Work to complete: Would you please output all the records exactly as given? Pictures should not appear in the copy.

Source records
----------------
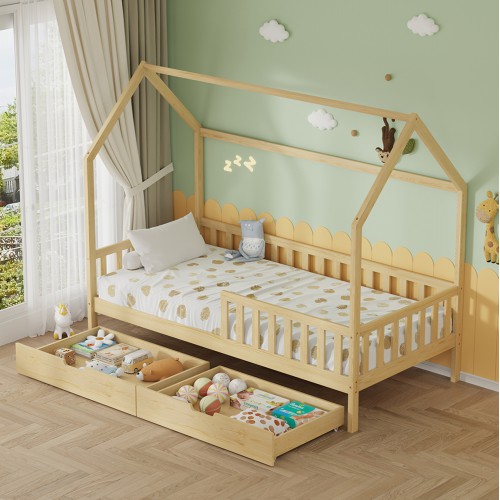 ΚΡΕΒΑΤΙ ΠΑΙΔΙΚΟ ΜΕ ΣΥΡΤΑΡΙΑ PHYLLIS HM724.01 τ.MONTESSORI ΦΥΣΙΚΟ 196x97x161Υεκ. Παιδικό δωμάτιο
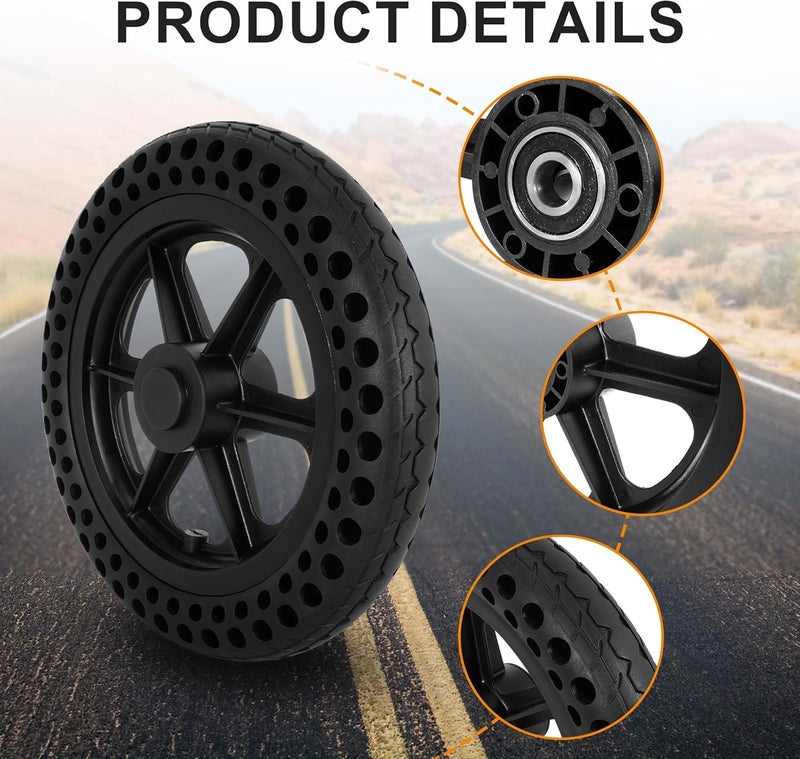 RUTU 12''X2.0'' Wheelchair Wheels Assembly 12 Inch Rear Wheel Solid Tire Construction,Back Wheel Replacement for Manual Wheelchairs Transport Chair Replacement Parts (One Pair) - Image 4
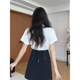 ເສື້ອຍືດແຂນສັ້ນ ພິມແບບ retro splicing + skirt A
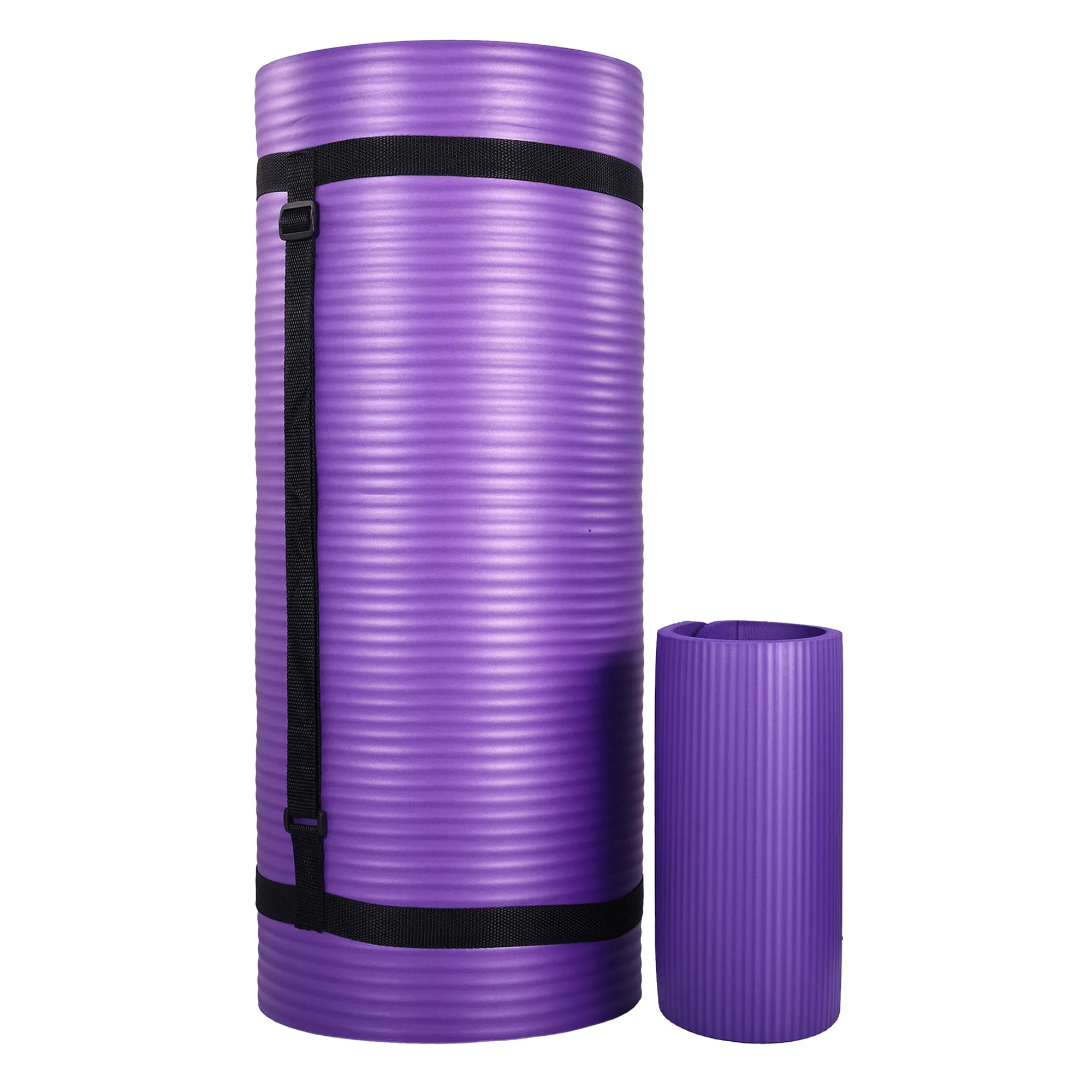 BalanceFrom Fitness 1" Extra Thick Yoga Mat w/Knee Pad & Carrying Strap, Purple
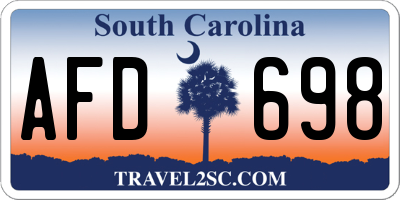 SC license plate AFD698
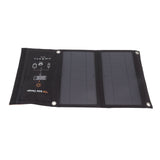 15W Monocrystalline Solar Panel Charger Dual USB Foldable Solar Charging Pack Outdoor Phone Power Bank Black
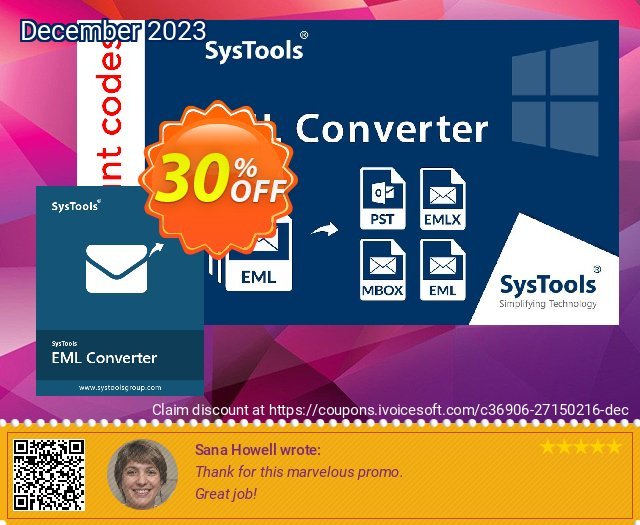 SysTools EML Converter exklusiv Beförderung Bildschirmfoto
----------------
Problem solution:
 ΚΡΕΒΑΤΙ ΠΑΙΔΙΚΟ ΜΕ ΣΥΡΤΑΡΙΑ PHYLLIS HM724.01 τ.MONTESSORI ΦΥΣΙΚΟ 196x97x161Υεκ. Παιδικό δωμάτιο
 RUTU 12''X2.0'' Wheelchair Wheels Assembly 12 Inch Rear Wheel Solid Tire Construction,Back Wheel Replacement for Manual Wheelchairs Transport Chair Replacement Parts (One Pair) - Image 4
 ເສື້ອຍືດແຂນສັ້ນ ພິມແບບ retro splicing + skirt A
 BalanceFrom Fitness 1" Extra Thick Yoga Mat w/Knee Pad & Carrying Strap, Purple
 SC license plate AFD698
 15W Monocrystalline Solar Panel Charger Dual USB Foldable Solar Charging Pack Outdoor Phone Power Bank Black
 SysTools EML Converter exklusiv Beförderung Bildschirmfoto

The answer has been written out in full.